#### Task item
In the material below, identify each line bearing the word "Snapshot". Reproduce those lines.

** Input follows **

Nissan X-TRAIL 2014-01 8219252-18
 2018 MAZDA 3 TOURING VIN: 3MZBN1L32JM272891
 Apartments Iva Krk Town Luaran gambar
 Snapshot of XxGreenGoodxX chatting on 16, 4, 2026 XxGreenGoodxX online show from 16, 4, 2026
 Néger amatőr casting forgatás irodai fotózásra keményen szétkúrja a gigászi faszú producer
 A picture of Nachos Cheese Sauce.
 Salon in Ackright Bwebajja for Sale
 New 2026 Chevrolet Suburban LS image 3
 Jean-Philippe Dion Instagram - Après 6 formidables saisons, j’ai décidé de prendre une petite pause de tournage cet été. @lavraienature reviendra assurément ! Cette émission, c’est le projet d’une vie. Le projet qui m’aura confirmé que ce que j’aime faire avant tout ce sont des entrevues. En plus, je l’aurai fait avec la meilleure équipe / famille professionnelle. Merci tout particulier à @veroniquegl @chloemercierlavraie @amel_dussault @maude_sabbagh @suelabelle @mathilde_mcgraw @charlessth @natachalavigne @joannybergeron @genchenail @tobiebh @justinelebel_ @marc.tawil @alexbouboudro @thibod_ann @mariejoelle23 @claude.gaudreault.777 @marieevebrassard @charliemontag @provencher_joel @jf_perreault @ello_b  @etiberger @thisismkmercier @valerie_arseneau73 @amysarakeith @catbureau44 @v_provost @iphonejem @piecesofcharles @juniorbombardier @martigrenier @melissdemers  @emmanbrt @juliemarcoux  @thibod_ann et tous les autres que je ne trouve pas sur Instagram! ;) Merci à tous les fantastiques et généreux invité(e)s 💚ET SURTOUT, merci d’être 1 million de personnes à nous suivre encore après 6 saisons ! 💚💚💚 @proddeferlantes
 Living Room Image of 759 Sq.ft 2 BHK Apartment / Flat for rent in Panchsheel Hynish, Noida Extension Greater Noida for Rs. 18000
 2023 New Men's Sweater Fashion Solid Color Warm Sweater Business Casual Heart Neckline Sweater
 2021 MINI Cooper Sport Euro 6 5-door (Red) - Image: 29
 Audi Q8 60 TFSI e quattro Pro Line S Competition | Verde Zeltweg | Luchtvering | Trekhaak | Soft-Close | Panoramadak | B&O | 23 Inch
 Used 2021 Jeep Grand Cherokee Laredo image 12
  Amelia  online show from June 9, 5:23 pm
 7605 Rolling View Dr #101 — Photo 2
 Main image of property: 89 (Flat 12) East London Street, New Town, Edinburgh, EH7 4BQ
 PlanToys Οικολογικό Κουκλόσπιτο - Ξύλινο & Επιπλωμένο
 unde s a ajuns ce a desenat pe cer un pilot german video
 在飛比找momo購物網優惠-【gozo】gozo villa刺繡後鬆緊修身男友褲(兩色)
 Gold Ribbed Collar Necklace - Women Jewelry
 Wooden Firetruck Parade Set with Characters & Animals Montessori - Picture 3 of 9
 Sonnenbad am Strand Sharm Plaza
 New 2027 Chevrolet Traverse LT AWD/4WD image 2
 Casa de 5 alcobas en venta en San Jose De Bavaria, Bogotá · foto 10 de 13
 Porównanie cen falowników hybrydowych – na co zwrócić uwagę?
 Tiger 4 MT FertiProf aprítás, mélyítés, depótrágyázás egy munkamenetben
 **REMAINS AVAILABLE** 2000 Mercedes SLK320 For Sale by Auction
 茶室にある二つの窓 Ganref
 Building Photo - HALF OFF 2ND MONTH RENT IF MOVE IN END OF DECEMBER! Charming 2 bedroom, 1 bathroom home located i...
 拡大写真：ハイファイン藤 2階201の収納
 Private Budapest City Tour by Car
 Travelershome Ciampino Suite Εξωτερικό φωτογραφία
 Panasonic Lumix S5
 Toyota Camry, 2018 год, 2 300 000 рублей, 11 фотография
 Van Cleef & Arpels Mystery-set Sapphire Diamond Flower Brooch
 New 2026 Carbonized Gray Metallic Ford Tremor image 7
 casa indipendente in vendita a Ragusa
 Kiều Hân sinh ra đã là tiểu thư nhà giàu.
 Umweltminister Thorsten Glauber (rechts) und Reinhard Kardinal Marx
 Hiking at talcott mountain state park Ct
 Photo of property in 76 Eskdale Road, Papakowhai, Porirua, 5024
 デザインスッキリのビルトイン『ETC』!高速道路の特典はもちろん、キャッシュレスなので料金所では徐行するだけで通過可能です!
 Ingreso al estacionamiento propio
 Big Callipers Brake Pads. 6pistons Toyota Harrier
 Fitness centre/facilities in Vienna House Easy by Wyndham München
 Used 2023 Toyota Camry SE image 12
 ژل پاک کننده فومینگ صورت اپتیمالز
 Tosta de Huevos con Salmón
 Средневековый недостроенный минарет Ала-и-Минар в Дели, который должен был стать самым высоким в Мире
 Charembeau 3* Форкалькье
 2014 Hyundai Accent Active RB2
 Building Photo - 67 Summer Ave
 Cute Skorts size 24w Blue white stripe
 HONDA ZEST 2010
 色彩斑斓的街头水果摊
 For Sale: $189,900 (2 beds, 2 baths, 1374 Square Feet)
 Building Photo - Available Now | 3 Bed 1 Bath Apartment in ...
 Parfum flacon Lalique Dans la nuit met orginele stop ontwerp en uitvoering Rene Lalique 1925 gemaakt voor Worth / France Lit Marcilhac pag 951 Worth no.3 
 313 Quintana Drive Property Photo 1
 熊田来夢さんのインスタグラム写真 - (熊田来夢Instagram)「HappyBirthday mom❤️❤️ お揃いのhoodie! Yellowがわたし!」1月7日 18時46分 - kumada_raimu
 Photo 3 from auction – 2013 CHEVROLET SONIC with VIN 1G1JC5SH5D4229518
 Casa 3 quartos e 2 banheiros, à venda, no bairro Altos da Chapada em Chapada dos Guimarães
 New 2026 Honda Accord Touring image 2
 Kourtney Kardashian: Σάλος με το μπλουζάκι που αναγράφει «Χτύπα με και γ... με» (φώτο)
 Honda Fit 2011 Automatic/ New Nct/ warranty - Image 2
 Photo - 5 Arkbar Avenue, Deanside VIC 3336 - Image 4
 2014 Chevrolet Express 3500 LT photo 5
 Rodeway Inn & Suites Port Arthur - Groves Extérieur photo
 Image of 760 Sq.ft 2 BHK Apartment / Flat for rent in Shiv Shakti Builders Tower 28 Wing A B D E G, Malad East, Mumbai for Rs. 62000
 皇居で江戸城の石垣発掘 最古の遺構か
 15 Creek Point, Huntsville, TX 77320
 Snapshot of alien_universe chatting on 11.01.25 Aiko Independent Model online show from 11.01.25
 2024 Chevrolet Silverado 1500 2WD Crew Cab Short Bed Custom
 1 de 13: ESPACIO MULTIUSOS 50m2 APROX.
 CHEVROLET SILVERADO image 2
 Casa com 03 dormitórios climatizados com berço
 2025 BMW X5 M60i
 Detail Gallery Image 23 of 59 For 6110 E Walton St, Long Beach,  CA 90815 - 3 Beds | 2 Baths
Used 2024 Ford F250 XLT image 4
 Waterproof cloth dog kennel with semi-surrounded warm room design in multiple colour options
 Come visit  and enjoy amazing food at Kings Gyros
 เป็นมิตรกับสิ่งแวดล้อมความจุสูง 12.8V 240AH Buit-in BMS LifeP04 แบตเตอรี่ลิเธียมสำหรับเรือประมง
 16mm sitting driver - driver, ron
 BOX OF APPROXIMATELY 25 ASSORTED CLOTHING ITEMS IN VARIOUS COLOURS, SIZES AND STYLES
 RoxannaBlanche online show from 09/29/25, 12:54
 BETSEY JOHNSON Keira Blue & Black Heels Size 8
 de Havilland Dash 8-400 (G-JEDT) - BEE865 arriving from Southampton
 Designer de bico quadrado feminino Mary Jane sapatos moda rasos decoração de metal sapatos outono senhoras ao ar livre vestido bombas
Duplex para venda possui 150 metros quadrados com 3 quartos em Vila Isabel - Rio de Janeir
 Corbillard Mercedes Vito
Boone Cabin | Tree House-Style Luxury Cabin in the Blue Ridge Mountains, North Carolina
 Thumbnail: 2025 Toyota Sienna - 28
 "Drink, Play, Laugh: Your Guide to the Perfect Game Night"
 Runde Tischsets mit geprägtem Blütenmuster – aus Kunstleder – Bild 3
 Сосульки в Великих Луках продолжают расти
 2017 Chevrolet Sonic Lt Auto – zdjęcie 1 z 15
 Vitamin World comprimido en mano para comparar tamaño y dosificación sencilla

** End of Input **

#### Written answer
 Snapshot of XxGreenGoodxX chatting on 16, 4, 2026 XxGreenGoodxX online show from 16, 4, 2026
 Snapshot of alien_universe chatting on 11.01.25 Aiko Independent Model online show from 11.01.25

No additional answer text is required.